When it comes to audio performance, it’s hard to beat the best over-ear headphones too. The reason for that is because the best over-ear headphones you can buy right now have the largest drivers and come in both open-back and closed-back variations – the former offers an almost concert hall-like feel to your favorite music that’s as close as you’ll get to watching it live.
But just because over-ears win in terms of performance doesn’t mean they’re not stylish. Sure they tend to be much bigger than other models, but there are wireless options to choose from too, like the Philips PH805, the Sony WH-1000XM4, the Bowers & Wilkins PX7, and the Sennheiser PXC 550-II. However, old-school cool is still very much in too. Take a look at the brilliant Audeze LCD-1 and Cleer Next for proof that wired headphones are still among the best you can buy for both sound quality and looks these days.
Below we’ve selected a number of over-ear headphones for our guide, which includes wired models too for those that don’t want to cut the cord. Looking for something more specific? Make sure you check out our dedicated guides to the best noise-cancelling headphones and the best wireless headphones, too.
Our top picks
While Beyerdynamic may not be as well known as its German brother, Sennheiser, the audio company has a history of creating some of the best-sounding audio gear on the market – the company’s DT770, DT880 and DT990 over-ear headphones were renowned for their excellent build and sound quality.

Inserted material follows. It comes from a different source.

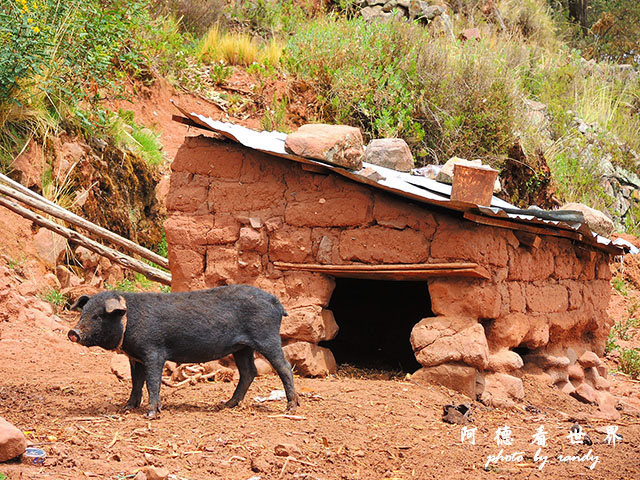 puno4P77 214.JPG puno4P77 214.JPG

Above them all, however, stands the Beyerdynamic DT 1990 Pro, an open-back version of the Beyerdynamic DT 1770 Pro, a headphone which won our Editor’s Choice for its imaging, design and value for the money. Both headphones are priced the same ($599, £589, AU$1,159), so you won’t find a deal picking up one over the other. The difference here comes down to sound.
As they’re open-back, the DT 1990 Pro are meant to be used at home or in the studio for serious analytical listening. Sound is able to get in and out but the good news is that the open-back design gives you the DT 1990 Pro a great sense of space. Soundstage is quite wide, too, allowing even the most lackadaisical listener to pinpoint the exact location of where each instrument is playing.
The DT 1990 Pro are the best over-ear headphones, in our opinion, but be sure to check out our review of the Beyerdynamic DT 1770 Pro too for a closed-back version that’s a little more socially friendly.
Read more: Beyerdynamic DT 1990 Pro review
It’s almost unfair to stick them in the same category as the more critical listening-focused over-ear headphones, but the Sony WH-1000XM4 are the best all-around headphones we’ve heard since, well, the Sony WH-1000XM3.
Not only do they sound great and pack excellent noise cancellation, but they manage to do this all wirelessly.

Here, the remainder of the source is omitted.